Advertising guru Piyush Pandey talks about the talent in Kerala and the trends in the industry
Photo by Melton Anthony
By Shevlin Sebastian
On a recent summer afternoon, advertising guru Piyush Pandey stands outside the entrance of the Vivanta by Taj at Kochi and pulls on a cigarette. He has an easy smile on his face. And a sense of humour. Because, later, when somebody asks about his playing Ranji Trophy, Piyush says, “That was a long time ago. You can see from my size that I no longer play the game.”
Standing next to him is Prathap Suthan, the Mentor of the Pepper Awards, one of South India's biggest awards event for advertising.
Piyush, who is the Executive Chairman and Creative Director, South Asia, Ogilvy and Mather had been invited as the chief guest.
And the experience had been a good one for him. “I saw some very good work,” he says. “Since a lot of it was in Malayalam I cannot comment on the copywriting. But my Kerala colleagues told me the copy was good. I loved the humility of the award-winners, organisers, and the press.”
Piyush also has a touch of humility. And smartness too. It is not easy to be relevant in a creatively demanding and highly competitive field of advertising for more than three decades.
Asked the reasons behind his success, Piyush says, “I might have scored a 100 yesterday, but when I go to the cricket pitch today, I start at zero. In other words, you have to forget the work that you did earlier. You love it, respect it, and have wonderful memories, but you have to move on. Nobody can live on past glory. You have to try and be the best today. ”
It helps that in a country where are the majority are young, his creative team is stacked with youngsters. “They make me feel younger,” says Piyush. “And because I interact with them, I get an idea of their mindset.”
There are other reasons behind the success story. “You should be sincere in your work, and respect your audience,” he says. “Then only will they love you. After seeing my work, the audience members should be telling their friends, 'Have you seen that ad? It is so beautiful'.”
It seems to be the right way, because Piyush has won numerous awards. In 2000, the Ad Club of Mumbai called his commercial for Fevikwik as the 'commercial of the century' and his work for Cadbury as the 'campaign of the century'.
He is the only Indian to win a double gold at the Cannes Lions International festival, and a triple grand prize at the London International Awards. In 2012, Piyush received the Lifetime Achievement Award (the first for an Indian) at the Clio International Advertising Awards and, in 2016, he won the Padma Shri.

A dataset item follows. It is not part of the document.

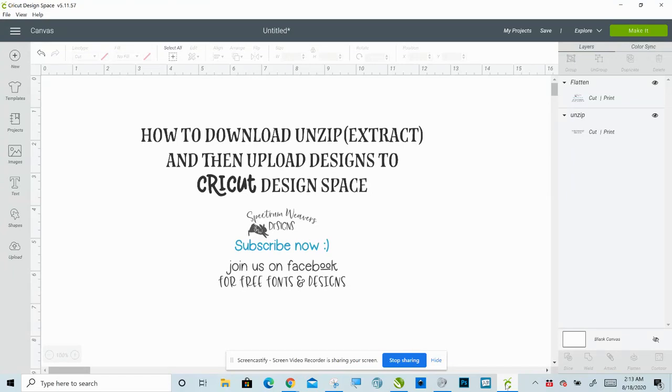Hi, Sarah Bannis here, Spectrum Weavers. I'm going to show you today how to download and then unzip—another word is extract—and then upload designs to Cricut Design Space. It's a very simple process and an important one to know how to do.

However, Piyush has noticed a disturbing trend regarding awards. “Most youngsters are only gunning for awards these days,” he says. “And that is a wrong way of looking at your work. At the end of the day we are commercial artistes, not pure ones. We are hired by somebody to help his commerce prosper. So, we should create ads that will help promote the brand.”
Instead, many are making esoteric ads, which has nothing to do with the brand. "They make five-minute films, put it on digital, and get millions of likes,” says Piyush. “'Likes' does not mean that I will go out and buy the brand. And that is a trend that I am worried about. If you cannot connect, then you have wasted somebody's money.”
And interestingly, in their latest Sprite ad, Ogilvy takes a tongue-in-cheek dig at this obsession.